DATA PROVIDED:

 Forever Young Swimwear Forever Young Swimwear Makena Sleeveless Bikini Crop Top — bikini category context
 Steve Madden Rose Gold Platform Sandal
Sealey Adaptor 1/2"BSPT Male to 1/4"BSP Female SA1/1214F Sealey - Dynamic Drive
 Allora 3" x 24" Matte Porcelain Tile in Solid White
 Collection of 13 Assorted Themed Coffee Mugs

==

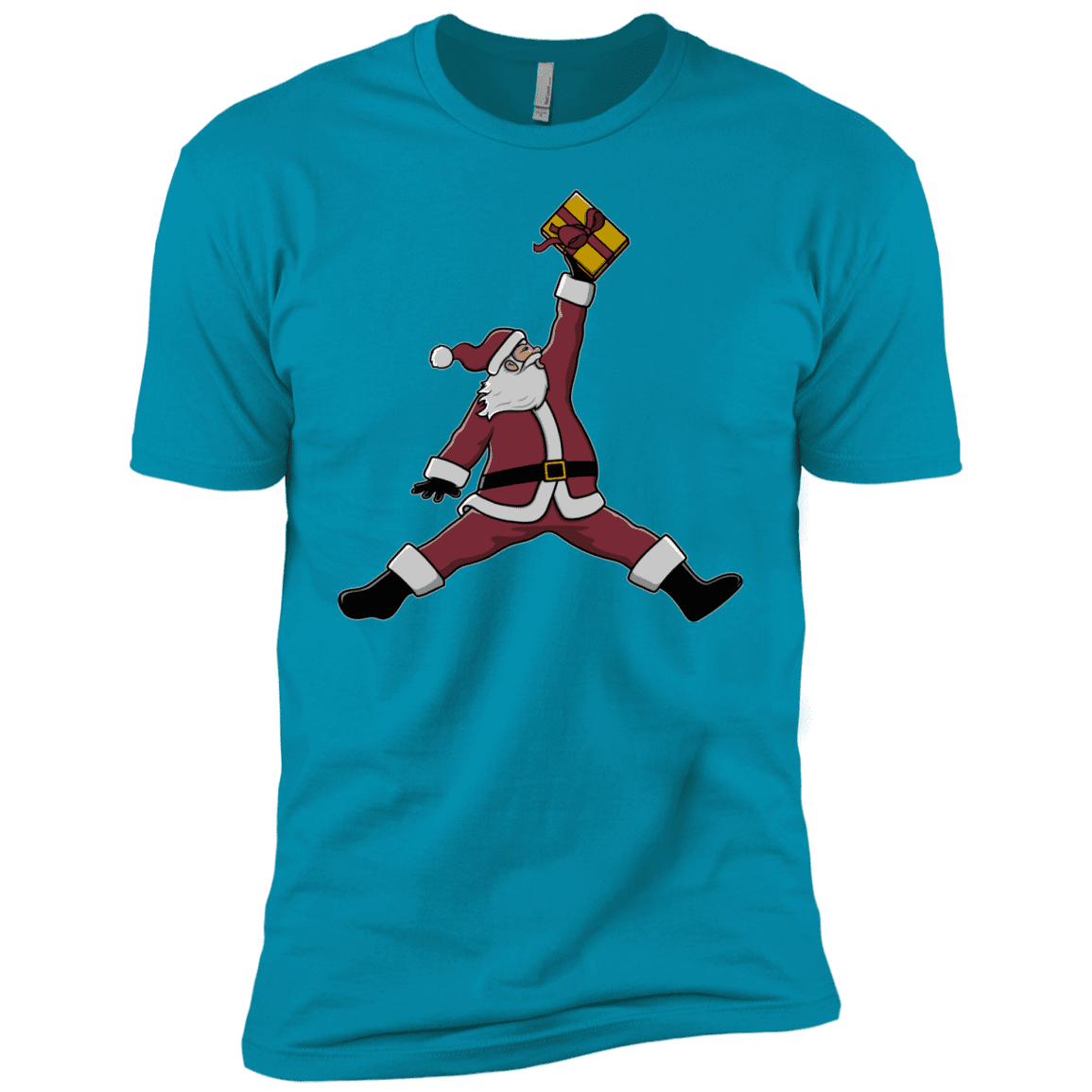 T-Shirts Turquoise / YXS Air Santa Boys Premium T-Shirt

TASK GOAL:
Copy the records above exactly, beginning at the line that contains "Forever Young Swimwear Forever" and stopping after the line that contains "Collection of 13 Assorted Themed Coffee Mugs".

FINISHED EXERCISE:
 Forever Young Swimwear Forever Young Swimwear Makena Sleeveless Bikini Crop Top — bikini category context
 Steve Madden Rose Gold Platform Sandal
Sealey Adaptor 1/2"BSPT Male to 1/4"BSP Female SA1/1214F Sealey - Dynamic Drive
 Allora 3" x 24" Matte Porcelain Tile in Solid White
 Collection of 13 Assorted Themed Coffee Mugs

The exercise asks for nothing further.